Tourism numbers are up and they will keep on rising as TAT taps into new and flourishing markets, such as Russia, the Middle East, India and so on.

Posted

They are already losing the Korean market. The Chinese and Taiwanese market has not recovered since the Tsunami. But, there are suckers born every minute, so Phuket will always be there for those folks who do not research the place further.

Posted

If I had a dollar for everytime somebody said "Phuket's lost it's charm, the tourists won't come", I'd be retired by now.

If you want to go to a place that is like Phuket was 30 years ago, just head north of Phuket, or south of Krabi for 50 Kms or, so.

Posted

It is true that Phuket has tapped into new markets, Russia, Middle East, India etc. That is because they have totally burnt all the tradtional markets. It is a sad fact that the business done in Phuket is along the lines of, get the baht today, who cares what happend down the line. A recent Colliers Jardine survey showed that tourism in Vietnam will gro by 30% over the next 10 years, compared to 6% in Thailand. Those figures cannot be laughed away.

Posted
It is true that Phuket has tapped into new markets, Russia, Middle East, India etc. That is because they have totally burnt all the tradtional markets. It is a sad fact that the business done in Phuket is along the lines of, get the baht today, who cares what happend down the line. A recent Colliers Jardine survey showed that tourism in Vietnam will gro by 30% over the next 10 years, compared to 6% in Thailand. Those figures cannot be laughed away.

I guess not everyone likes the same things - it would be a funny old world if we did. I went to HCM for first time last year and thought it was just awful. Whereas I happen to like Phuket, at least the part we live in.

Posted

it's a world famous destination, so package tourists will be coming because of the still good deal, but probably won't come back the next holidays, especially if the place is not much different than the other beach resorts. Those fascinated by the thai culture would go explore the other, less commercialised plases in thailand

Posted

I don’t know but I will offer this factual information. From Singapore we used to have regular flights with both Jetstar and Tiger. Jetsar reduced their service to Phuket and, as of March, have cancelled it all together. Tiger have reduced their service from 2 or 3 flights per day to just 1.

Contrary to popular belief, the majority of tourists to Thailand come from other Asian countries, not Western countries. However, it seems that it least one other, first world, Asian country is now preferring to holiday elsewhere.

Posted

Tourism IS here to stay, but not everyone will survive.

Prices in Phuket keep rising. But they are over developing rooms, which will bring prices down.

Phuket is growing up (finally) and will evolve into something else (hopefully sooner than later) than the one dimensional party/holiday spot.

It's changing from mostly transient population to one with a big year-round Thai and Foreigner population.

Not speaking strictly of Patong, but the whole island.
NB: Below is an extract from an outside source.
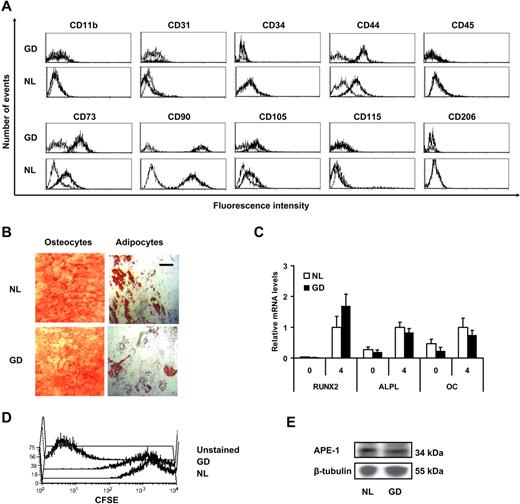 Figure 1. MSC characterization. (A) Cells were analyzed for surface expression of MSC markers CD44, CD73, CD90, and CD105; endothelial marker CD31; hematopoietic markers CD34 and CD45; and phagocytic lineage markers CD11b, CD115, and CD206 by flow cytometry analysis (leftmost curves correspond to isotypic controls). (B) Photograph of differentiated MSCs grown in osteocytic differentiation medium and adipocytic differentiation medium for 4 weeks, stained, respectively, with Alizarin Red (left) and Oil Red O (right); scale bar = 50 μm. (C) Relative mRNA expression of osteoblastic differentiation markers runt-related transcription factor 2 (RUNX2), bone-specific alkaline phosphatase (ALPL), and osteocalcin (OC). Expression levels in normal MSCs at 4 weeks were used as a reference value. Error bars represent 1 SD. (D) Flow cytometry analysis of passage 3 MSCs stained with CFSE and allowed to proliferate for 7 days before flow cytometry analysis. (E) Scanned autoradiogram of a Western blot performed for APE-1 expression analysis in passage 3 MSCs, with β-tubulin expression used as a loading control.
I hope the days of bad service and bad attitudes, where they treat the customer as disposable are finnished. Reality is, I think that's a little far away.

Posted
I don't know but I will offer this factual information. From Singapore we used to have regular flights with both Jetstar and Tiger. Jetsar reduced their service to Phuket and, as of March, have cancelled it all together. Tiger have reduced their service from 2 or 3 flights per day to just 1.

Contrary to popular belief, the majority of tourists to Thailand come from other Asian countries, not Western countries. However, it seems that it least one other, first world, Asian country is now preferring to holiday elsewhere.
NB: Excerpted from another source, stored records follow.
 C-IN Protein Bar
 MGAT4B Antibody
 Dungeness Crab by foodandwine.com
This may well be due to 1-2 Go crash and the wising up on the advisability of traveling on budget asian airlines.

Posted
I don't know but I will offer this factual information. From Singapore we used to have regular flights with both Jetstar and Tiger. Jetsar reduced their service to Phuket and, as of March, have cancelled it all together. Tiger have reduced their service from 2 or 3 flights per day to just 1.
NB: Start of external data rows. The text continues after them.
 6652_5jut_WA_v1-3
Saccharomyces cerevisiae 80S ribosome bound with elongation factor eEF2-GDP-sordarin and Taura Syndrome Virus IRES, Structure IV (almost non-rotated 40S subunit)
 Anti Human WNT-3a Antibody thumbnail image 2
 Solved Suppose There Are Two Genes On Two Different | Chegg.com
Contrary to popular belief, the majority of tourists to Thailand come from other Asian countries, not Western countries. However, it seems that it least one other, first world, Asian country is now preferring to holiday elsewhere.

This may well be due to 1-2 Go crash and the wising up on the advisability of traveling on budget asian airlines.

It's probably also to do with the seasonal factor, which still exists. Karon/Kata are already very quiet.

Posted

Could be the onset of low season.

Silk Air have two and some days three flights a day, mostly full.

In February, I flew from Bangkok to Phuket on a Boeing 777 which was full. I asked the flight attendent where the flight was going after Phuket. She said back to Bangkok, it was a domestic flight. First time I've ever seen a 777 used on an internal flight.

Posted
I don't know but I will offer this factual information. From Singapore we used to have regular flights with both Jetstar and Tiger. Jetsar reduced their service to Phuket and, as of March, have cancelled it all together. Tiger have reduced their service from 2 or 3 flights per day to just 1.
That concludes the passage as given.